Records from a data source:
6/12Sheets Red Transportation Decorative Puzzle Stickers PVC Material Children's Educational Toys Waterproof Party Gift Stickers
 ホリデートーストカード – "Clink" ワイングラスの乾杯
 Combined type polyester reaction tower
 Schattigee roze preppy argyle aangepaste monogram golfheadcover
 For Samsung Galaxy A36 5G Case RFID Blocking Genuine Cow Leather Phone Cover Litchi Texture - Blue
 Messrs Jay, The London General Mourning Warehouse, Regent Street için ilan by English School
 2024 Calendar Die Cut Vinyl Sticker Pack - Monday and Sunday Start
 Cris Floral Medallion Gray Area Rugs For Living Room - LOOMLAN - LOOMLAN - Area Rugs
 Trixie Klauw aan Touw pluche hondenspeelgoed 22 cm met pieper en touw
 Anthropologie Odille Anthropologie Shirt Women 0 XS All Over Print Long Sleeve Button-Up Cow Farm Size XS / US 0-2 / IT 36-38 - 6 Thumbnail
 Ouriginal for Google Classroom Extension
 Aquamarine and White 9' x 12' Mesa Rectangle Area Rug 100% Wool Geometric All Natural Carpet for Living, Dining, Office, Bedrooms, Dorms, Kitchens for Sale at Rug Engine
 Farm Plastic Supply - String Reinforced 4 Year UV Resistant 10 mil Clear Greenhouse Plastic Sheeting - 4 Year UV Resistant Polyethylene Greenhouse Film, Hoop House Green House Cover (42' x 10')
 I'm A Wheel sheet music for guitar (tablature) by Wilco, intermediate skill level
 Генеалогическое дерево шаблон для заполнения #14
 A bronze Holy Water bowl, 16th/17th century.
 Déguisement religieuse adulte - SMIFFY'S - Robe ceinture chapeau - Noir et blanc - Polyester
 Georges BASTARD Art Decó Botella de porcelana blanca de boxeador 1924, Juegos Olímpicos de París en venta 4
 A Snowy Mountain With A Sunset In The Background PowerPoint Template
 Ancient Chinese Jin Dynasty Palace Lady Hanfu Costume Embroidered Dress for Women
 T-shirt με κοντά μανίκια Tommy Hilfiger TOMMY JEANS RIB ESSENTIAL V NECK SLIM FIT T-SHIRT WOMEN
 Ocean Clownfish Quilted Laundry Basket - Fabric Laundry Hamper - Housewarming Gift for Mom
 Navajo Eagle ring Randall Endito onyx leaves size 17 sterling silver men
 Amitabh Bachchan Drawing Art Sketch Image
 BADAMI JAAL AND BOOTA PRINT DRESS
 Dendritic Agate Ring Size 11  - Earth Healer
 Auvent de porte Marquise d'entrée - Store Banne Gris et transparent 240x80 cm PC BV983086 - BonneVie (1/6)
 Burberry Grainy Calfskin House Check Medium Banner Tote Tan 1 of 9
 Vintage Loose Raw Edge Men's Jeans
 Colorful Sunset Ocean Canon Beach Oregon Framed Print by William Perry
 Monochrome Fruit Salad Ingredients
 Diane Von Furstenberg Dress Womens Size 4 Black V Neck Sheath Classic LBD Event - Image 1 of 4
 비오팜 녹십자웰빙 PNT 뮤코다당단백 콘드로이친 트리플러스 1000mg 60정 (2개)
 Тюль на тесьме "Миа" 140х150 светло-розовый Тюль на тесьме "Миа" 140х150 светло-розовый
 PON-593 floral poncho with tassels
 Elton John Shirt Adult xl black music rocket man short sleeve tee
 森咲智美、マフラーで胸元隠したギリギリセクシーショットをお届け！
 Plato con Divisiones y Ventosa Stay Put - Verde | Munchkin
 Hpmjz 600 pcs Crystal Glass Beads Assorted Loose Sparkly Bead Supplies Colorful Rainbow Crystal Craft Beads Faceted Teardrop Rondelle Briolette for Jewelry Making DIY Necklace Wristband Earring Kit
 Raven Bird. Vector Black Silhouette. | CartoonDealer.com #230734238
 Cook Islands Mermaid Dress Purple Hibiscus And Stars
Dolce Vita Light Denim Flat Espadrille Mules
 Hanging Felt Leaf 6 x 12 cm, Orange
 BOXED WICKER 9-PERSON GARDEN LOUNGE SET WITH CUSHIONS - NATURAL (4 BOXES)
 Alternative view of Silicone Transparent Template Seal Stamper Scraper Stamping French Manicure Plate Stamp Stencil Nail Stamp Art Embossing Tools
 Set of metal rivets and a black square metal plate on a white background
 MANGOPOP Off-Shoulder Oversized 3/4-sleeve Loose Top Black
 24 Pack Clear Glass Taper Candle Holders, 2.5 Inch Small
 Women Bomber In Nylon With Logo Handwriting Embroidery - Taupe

◆ DESCRIPTION OF THE TASK
Wherever a line in the entries above holds "Clear", copy that line.

◆ RESPONSE BOX
 Farm Plastic Supply - String Reinforced 4 Year UV Resistant 10 mil Clear Greenhouse Plastic Sheeting - 4 Year UV Resistant Polyethylene Greenhouse Film, Hoop House Green House Cover (42' x 10')
 24 Pack Clear Glass Taper Candle Holders, 2.5 Inch Small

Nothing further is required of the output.